Choking, hot air burned in my mouth, and my lungs ached. I couldn’t breathe. “Johnny!” I screamed, then hunched over, coughing. I fell, arms outstretched. It was dark, and I gasped when my cheek hit the carpet. The air down here was a blessed few degrees cooler, and I cried as I pulled it into my damaged lungs. I was dying. I had died before, and I knew the feeling though Tammy didn’t—the same blackness edging my vision, and the same lack of pain filled my arms and legs.
No! I thought, confused. I had changed things! We had talked to Tammy! This couldn’t be the future, could it? Was there going to be a happy ending to this? There had to be. But the flash forward said otherwise, and by the lack of any blue haze, it looked like it was going to be tonight, not tomorrow. Damn it, I’d made things worse, not better.
“Johnny!” I cried again, crawling to his door. I found it, reaching up to turn the knob and push the door open. A wave of sound rushed out over my head, and I cowered in the sudden heat.
“Tammy!” I heard him call, and I crawled forward, scared out of my mind. I could smell things burning, and my mind walled the horror away. Everything. Everything was on fire.
And then I found him.
He was blind with terror, but at my touch, he grasped me, and we clung together as the ceiling above us turned into a beautiful, rolling orange and red. It was mesmerizing, even as my eyelashes singed and my nose burned inside.
“Tammy, I’m scared,” Johnny whispered, coughing, and I held him. It was too late. We couldn’t get out. Crying, I rocked him, our backs to the wall beside his bed.
“I’m here,” I whispered, Tammy’s last breath rasping as our twined thoughts were voiced by her alone. “You’re not alone. I’ve got you.”

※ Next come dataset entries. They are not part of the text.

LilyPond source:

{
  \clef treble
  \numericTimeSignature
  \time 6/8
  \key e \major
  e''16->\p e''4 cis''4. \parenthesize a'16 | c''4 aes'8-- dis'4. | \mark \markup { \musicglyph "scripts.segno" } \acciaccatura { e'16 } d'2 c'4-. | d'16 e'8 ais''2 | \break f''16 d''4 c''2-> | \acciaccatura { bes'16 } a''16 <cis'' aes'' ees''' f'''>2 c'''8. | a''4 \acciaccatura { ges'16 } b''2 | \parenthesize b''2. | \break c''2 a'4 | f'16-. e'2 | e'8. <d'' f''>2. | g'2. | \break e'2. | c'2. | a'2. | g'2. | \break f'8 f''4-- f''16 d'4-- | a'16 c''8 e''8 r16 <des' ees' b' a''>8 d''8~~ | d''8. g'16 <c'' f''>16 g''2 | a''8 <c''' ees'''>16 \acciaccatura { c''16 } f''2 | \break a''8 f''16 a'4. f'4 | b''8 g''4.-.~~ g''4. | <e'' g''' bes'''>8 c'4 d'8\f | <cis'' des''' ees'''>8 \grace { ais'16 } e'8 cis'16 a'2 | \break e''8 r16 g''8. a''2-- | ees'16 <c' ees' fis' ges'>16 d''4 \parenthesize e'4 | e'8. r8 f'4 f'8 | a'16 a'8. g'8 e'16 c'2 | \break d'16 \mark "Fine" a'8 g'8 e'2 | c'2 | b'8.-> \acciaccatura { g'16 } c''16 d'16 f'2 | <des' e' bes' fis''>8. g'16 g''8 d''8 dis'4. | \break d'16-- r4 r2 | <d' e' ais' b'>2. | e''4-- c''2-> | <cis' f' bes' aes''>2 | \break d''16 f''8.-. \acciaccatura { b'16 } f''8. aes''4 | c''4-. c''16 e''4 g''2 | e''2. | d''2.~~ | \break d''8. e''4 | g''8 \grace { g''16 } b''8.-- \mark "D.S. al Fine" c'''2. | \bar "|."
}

And then we looked up as a roaring sound of heat sucked a new breath of air into the room an instant before the ceiling gave way. Everything flashed red—
I jumped, feeling as if someone had slapped me. Terrified, my eyes sprang open.

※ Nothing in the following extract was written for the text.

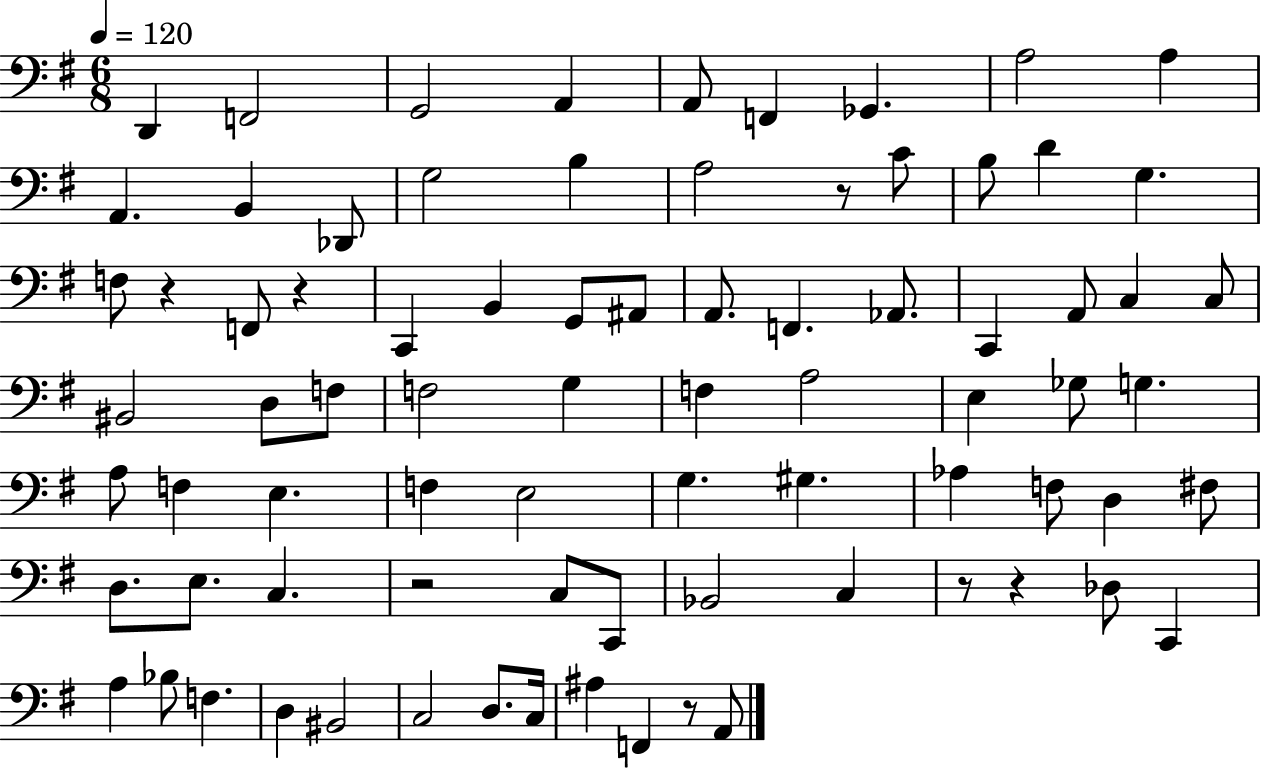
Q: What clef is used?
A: bass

“Barnabas!” I cried. He was crouched before me, his eyes intent. It was over. But what had happened? The memory of my heart was thudding after having been inside Tammy, and slowly it beat one last time and stopped. Her terror took longer to leave me, and I sat there clutching my cooling amulet as Nakita and Josh clustered around me in concern.

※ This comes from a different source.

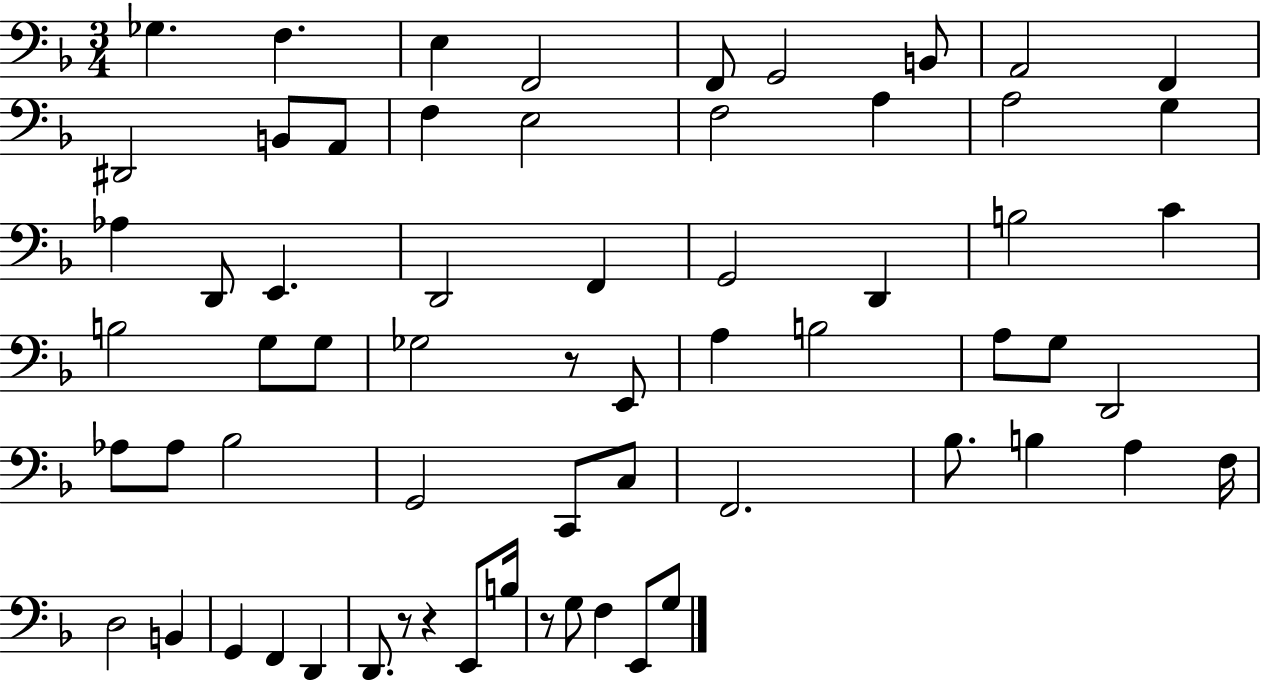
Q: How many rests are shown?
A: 4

“You came back,” I said, thinking it sounded lame, and Barnabas shifted a few inches away. Standing, he extended his hand and pulled me, wobbling, to my feet.
The humid air of the Laundromat seemed cool. Tears were dribbling from me. I slowly leaned back against the thumping dryer, my arms wrapped around myself as I started to shake, the tears steadily slipping from me. It was awful. So awful.
“What happened?” Josh asked, but I couldn’t talk. Not yet. They had died. Both of them. This was so unfair. Johnny and Tammy had died with grace, supporting each other in a way that was beautiful and showed the best of a human soul, but they had died. It wasn’t what I had wanted. Her soul might be saved, but it was the end of her life that had bought its purity.
“Something changed?” Nakita asked, but by her tone of voice, she knew it wasn’t good.
I looked past them at the empty Laundromat as if it was a dream and would flake into nothing and return me to that hell of existence, the fear, the hopelessness, the love for her brother giving Tammy something to believe in. “They both die,” I whispered.
“In a state of grace,” Barnabas finished for me, his brow furrowed.
Josh rocked back, looking worried. I would never tell him of the horror I’d just lived through. “I didn’t save Tammy’s or Johnny’s life,” I said. “All I did was make it so a reaper didn’t have to come out here and scythe her early. God, this sucks!” Depressed, I closed my eyes and wiped a tear away. I couldn’t do this. It was too much. It hurt too much when things went wrong.
“We have to do something,” Nakita said, and my eyes opened. She was standing over the table, her lips pressed in determination. “Now,” she said firmly. “We have to go now.”
“But her soul is safe,” I said, wanting to do just that but surprised that Nakita did, too. “Why do you care?”
Her hand on the door, Nakita paused, looking at me to make me shiver. “Her soul may be safe, but mine is troubled.”